Like the Charmat method, the Classic wine-making method starts with making the base wine. Here is where the differences between the two methods begin:
Champagne mostly uses Pinot Noir, Pinot Meunier, and Chardonnay grape varieties while aromatic grape varieties like Moscato, Riesling, Glera, and Lambrusco are more commonly used for Charmat method wines.
In the traditional method, the base wine is directly put into individual bottles. This is where the wine will undergo a secondary fermentation for carbonation formation.
In the Charmat method, instead of putting the wine into individual bottles, the base wine is put into a stainless steel pressure tank where it will undergo second fermentation and develop bubbles.
In the traditional Champagne method, the base wine is immediately bottled and it is in the individual bottles where the wine will go through a second fermentation stage.
A Charmat method sparkling wine is only bottled after it has gone through the second fermentation stage in bulk in pressurized steel tanks. The wine will already have bubbles before bottling.
During the second fermentation, the wine undergoes aging up to a certain point.
A traditional method sparkling wine is aged for about nine months up to five years or more. Charmat method sparkling wines age for significantly shorter periods for about one to six weeks.

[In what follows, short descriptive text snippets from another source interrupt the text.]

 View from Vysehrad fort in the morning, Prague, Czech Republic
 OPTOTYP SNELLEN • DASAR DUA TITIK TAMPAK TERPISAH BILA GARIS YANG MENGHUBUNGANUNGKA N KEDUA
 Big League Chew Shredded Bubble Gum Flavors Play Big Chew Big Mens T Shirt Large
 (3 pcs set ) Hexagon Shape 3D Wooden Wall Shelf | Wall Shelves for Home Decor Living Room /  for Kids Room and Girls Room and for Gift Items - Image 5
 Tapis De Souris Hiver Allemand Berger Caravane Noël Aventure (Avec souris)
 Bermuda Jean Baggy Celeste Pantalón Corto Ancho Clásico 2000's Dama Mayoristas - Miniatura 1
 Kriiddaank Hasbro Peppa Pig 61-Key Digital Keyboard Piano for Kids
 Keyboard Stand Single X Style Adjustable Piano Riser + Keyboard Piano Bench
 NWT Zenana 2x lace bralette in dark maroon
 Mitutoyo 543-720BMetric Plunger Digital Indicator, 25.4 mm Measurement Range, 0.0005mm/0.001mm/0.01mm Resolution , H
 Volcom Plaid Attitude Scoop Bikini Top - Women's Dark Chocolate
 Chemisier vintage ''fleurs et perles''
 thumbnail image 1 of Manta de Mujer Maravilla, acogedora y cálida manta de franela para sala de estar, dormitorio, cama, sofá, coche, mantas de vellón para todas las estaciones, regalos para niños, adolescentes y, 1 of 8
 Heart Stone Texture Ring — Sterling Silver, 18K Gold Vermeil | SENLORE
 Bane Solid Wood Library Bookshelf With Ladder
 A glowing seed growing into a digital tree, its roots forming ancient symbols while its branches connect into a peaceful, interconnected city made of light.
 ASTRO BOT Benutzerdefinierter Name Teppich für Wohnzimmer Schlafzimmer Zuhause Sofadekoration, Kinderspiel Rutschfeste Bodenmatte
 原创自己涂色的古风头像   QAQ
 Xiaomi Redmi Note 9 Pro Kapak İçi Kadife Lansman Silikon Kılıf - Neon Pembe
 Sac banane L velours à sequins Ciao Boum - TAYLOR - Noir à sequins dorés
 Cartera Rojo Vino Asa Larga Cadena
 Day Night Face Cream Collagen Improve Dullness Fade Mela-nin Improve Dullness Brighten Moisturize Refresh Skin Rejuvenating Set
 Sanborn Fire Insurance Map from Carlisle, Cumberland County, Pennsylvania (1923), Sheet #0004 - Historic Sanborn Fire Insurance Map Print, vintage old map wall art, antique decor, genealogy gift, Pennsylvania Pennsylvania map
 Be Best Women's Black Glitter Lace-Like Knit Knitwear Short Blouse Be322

Riddling is a process in which bottles are put on riddling racks and rotated at specific times to move the lees and dead yeast cells to the bottle of the neck. This process is specific only to wines produced through the traditional Champagne process. This means that wines that use the Charmat method can skip this because the wine is filtered before bottling.
Disgorging is the process of placing the riddled bottles into a neck freezer. This will freeze all the lees into an ice plug at the neck of the bottle. Once frozen, the cap and the ice plug will be quickly removed. This is usually done with a disgorging machine.
This step is a must for wines produced with the traditional method but those produced using the Charmat method can skip this step altogether.
Winemakers can still adjust the flavors and sweetness of their wines through the dosage. The dosage is a blend of still wine and sugar and will affect the sweetness of the end product.
In the traditional Champagne method, dosage is added to individual bottles. The dosage also doubles as a replacement for the amount of wine lost during the disgorging stage.
For the Charmat method, dosage is added in bulk in the stainless steel, before bottling.
Charmat method wines are generally sweeter with more fruity and refreshing flavors retained as opposed to Champenoise wines with more toasty, nutty, and full-bodied flavors.
Fizz and bubbles
Charmat method wines have softer bubbles and carbonation due to the wine having about two to four atmospheres of pressure. Traditional Champenoise wines have about five to seven atmospheres of pressure that results in stronger carbonation.
Each traditional Champenoise wine bottle is known to be unique. This is due to the distinct second fermentation process, disgorging, and unique dosage per bottle that give each a unique flavor.
Charmat method wines are unique per batch instead of per bottle. One batch of wine will have undergone the same processes and have the same flavors.
Charmat method wines sell cheaper than traditional Champagne method wines.
The cheaper wine-making process translates to a cheaper selling value. In the same way, the more expensive process translates to a more expensive selling value.
Sparkling wines are more popular than ever. Today, it’s not only the classic celebratory champagne that gets traction but other sparkling wines like Charmat method wines as well.
Charmat method wines are sparkling wine variations that use the Charmat method to produce wine. These wines retain the grapes’ fresh and fruity flavors, as opposed to the toastiness and nuttiness of traditional champagne. Charmat method wines are crystal clear without signs of sediments and have softer bubbles and carbonation.
Sparkling wines are produced using several methods and the Charmat method is only one of them. The method used can cause varied flavor profiles and aromas.